K & W live in a little 1920s bungalow with attic stairs (rather than open stairs) and their second floor is typical for houses of this period: one large room tucked up tight under eaves and sided by kneewalls; their house is a lot like our former house, also a little 1920s bungalow. In fact, many of the people we know in Portland live in these types of bungalows because they make up the majority of the affordable housing stock on the eastside.

The American bungalow was, according to Diane Maddex in her book Bungalow Nation, conceived as a house that is "no bigger than it needs to be." Accordingly, bungalows were designed with open floor plans, including a combo dining room-living room and a front door that opened directly into the living room. Buh-bye, entry halls and ostentatious Victorian parlors. Hello, combined public spaces and direct, easy access between outside and inside. 

Though I'm on board with the elegance, simplicity, and practicality of the bungalow style, I admit that one of the main reasons I fell in love with this old drafty fixer (called a farmhouse by some, an Old Portland Craftsman by others) was because of the entry hall with its open stairwell. There is something grand and generous about the room (cluttered though it may be), especially with light spilling in from the stairwell windows. But the room is also incredibly useful as a place to unload the gear and tools we use in the outside world: jackets, shoes, umbrellas, dog leashes, hats, gloves, bags. Yes, it feels terribly grown up to have a room for just this purpose.
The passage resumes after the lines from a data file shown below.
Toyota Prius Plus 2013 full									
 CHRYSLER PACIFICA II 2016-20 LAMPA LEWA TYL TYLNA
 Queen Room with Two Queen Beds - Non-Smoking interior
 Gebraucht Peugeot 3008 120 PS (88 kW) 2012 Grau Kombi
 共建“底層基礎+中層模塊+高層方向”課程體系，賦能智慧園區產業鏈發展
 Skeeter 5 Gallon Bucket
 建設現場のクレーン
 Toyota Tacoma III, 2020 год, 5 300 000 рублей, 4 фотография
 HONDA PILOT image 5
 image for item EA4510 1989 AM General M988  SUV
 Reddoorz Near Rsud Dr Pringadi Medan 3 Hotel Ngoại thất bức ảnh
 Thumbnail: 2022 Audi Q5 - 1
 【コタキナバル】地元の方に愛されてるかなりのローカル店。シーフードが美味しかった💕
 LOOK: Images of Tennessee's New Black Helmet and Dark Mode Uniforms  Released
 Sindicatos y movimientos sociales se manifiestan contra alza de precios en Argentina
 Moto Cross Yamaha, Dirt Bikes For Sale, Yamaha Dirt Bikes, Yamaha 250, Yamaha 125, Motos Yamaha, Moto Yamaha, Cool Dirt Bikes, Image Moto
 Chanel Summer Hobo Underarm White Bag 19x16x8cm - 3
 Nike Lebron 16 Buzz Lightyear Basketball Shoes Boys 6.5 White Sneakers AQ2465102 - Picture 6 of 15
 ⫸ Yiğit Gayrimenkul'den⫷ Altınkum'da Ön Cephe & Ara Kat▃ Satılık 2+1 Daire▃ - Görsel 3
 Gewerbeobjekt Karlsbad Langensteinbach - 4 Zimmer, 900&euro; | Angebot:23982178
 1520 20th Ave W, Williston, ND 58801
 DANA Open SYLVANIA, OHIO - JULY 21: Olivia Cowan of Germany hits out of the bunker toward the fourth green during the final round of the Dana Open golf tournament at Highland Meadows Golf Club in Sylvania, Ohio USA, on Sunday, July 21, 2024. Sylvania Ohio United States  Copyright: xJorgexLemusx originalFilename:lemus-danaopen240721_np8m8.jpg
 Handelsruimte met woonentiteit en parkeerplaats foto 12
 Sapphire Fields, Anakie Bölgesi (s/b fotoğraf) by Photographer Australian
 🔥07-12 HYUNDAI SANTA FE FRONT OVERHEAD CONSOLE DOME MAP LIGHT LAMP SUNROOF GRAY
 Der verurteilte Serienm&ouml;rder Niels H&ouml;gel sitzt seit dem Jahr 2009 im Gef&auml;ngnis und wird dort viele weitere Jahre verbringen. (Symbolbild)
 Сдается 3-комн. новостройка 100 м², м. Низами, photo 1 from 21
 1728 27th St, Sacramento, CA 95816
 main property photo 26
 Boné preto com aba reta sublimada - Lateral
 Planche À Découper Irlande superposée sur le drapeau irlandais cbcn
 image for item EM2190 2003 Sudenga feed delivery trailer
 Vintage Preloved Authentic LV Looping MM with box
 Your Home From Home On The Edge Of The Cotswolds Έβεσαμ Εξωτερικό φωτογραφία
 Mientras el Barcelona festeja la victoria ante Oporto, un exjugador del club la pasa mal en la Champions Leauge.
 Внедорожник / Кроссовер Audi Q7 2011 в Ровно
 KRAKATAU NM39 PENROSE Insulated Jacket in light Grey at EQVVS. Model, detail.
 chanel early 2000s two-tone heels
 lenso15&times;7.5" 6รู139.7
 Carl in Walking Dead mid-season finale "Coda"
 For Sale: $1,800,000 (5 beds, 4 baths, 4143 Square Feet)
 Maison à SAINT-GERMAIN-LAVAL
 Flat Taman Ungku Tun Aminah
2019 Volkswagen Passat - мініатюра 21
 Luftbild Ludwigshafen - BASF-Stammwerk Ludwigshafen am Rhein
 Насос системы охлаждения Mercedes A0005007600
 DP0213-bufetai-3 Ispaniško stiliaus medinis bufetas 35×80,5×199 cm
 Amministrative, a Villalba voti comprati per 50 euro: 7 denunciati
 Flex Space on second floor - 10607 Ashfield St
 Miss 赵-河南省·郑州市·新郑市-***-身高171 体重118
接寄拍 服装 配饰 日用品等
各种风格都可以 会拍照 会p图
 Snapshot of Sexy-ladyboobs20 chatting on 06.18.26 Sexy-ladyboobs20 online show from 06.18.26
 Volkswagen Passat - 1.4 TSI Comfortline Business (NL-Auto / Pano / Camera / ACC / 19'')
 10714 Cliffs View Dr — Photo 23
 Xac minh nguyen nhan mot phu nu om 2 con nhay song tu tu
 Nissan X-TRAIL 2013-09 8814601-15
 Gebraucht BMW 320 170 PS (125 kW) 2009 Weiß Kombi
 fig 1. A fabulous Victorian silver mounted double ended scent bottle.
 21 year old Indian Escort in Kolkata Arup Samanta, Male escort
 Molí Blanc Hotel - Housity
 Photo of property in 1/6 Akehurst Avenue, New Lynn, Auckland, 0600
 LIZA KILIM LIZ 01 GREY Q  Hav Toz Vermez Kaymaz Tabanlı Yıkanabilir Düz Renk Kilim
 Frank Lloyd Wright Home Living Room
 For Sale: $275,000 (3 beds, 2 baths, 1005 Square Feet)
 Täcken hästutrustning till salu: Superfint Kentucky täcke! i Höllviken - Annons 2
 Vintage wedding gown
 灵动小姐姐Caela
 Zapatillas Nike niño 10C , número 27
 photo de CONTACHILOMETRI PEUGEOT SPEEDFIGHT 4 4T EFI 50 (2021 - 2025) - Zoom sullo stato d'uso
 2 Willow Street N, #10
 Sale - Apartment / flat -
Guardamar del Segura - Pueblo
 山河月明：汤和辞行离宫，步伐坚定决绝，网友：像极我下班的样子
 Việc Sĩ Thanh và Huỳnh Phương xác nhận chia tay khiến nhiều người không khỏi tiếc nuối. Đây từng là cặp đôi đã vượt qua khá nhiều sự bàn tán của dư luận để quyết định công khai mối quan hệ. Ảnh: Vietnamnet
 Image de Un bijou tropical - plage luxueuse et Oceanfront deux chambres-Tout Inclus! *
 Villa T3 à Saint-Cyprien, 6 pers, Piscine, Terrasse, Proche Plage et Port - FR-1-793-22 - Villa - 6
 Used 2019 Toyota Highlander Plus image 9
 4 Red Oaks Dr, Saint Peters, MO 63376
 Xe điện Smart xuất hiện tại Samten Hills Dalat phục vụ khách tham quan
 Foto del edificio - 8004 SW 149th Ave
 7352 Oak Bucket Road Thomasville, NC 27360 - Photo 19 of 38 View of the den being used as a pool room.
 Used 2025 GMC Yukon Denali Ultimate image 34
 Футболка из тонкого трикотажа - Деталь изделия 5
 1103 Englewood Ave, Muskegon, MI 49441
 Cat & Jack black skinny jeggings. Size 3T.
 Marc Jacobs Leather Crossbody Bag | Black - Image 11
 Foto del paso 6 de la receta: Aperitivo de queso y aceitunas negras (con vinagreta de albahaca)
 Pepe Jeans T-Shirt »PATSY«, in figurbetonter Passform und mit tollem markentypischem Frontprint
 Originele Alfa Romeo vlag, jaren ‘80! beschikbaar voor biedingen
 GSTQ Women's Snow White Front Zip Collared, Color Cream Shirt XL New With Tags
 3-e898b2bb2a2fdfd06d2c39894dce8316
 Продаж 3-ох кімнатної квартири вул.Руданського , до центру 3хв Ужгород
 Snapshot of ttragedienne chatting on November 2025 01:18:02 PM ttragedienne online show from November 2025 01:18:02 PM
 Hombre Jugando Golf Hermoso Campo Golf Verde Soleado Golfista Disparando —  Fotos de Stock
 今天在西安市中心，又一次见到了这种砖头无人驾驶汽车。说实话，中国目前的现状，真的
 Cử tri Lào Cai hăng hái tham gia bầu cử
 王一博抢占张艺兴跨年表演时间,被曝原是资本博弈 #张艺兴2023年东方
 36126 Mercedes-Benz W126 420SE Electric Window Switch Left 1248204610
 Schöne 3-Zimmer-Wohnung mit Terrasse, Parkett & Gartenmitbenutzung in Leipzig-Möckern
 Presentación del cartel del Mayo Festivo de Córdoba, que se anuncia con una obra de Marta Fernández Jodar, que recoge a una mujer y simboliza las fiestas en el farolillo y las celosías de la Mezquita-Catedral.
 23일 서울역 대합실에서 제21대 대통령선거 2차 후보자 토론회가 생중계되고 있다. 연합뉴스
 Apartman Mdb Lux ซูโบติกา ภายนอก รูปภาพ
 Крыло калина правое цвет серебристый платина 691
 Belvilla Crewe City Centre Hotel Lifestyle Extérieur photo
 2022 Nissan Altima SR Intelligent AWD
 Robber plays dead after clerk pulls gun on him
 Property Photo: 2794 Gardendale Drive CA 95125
Of course, we welcomed friends and family into all of our former dwellings--none of which had entry halls--with the same sense of generosity; as far as I know, not a single visitor later remarked, "Wow, that was a fun evening, but it would have been better if they'd had an entry hall in which to greet us." I think it's interesting how we emotionally respond to particular spaces. I'm sure some of this is steeped in collective nostalgia--the Norman Rockwell-esque image of guests arriving for Thanksgiving dinner and being greeted by an apron-clad mom in the entry hall. But this intuitive reading of space must also be rooted in something deeper. 

Maybe Christopher Alexander is on to something when he emphasizes the importance of transitional spaces like the entry hall in his book A Pattern Language: "the time of arriving, or leaving, seems to swell with respect to the minutes which precede and follow it, and that in order to be congruent with the importance of the moment, the space too must follow suit and swell with respect to the immediate inside and the immediate outside of the building."

His description makes spaces sound alive, which perhaps they are when imbued with the energy and emotions--pleasure, enthusiasm, anticipation--that we carry with us.

Saturday, July 12, 2008

Where it begins

In response to folks who've asked, "How's the thesis coming along?" here's sneak peek at part of the intro, not-so-sneakily disguised as a blog post and supplemented with photos from the kitchen renovation mentioned in the first graf:

One summer morning in 2007, my two-and-a-half-year-old daughter padded downstairs to find the refrigerator in the dining room. The prep tables that had once served as extra kitchen counter space were now also in the tiny room, along with the cobalt blue microwave and the stainless steel rack that had once held dishes in the nook. SB didn't bat an eyelash. As she climbed into a chair at the dining room table, I explained that we were starting the kitchen remodel that day and she'd be going over to a neighbor's house for a few hours so her dad and I could tear the lathe and plaster off the walls. Still completely unfazed, she nodded her head agreeably and asked for a strawberry yogurt.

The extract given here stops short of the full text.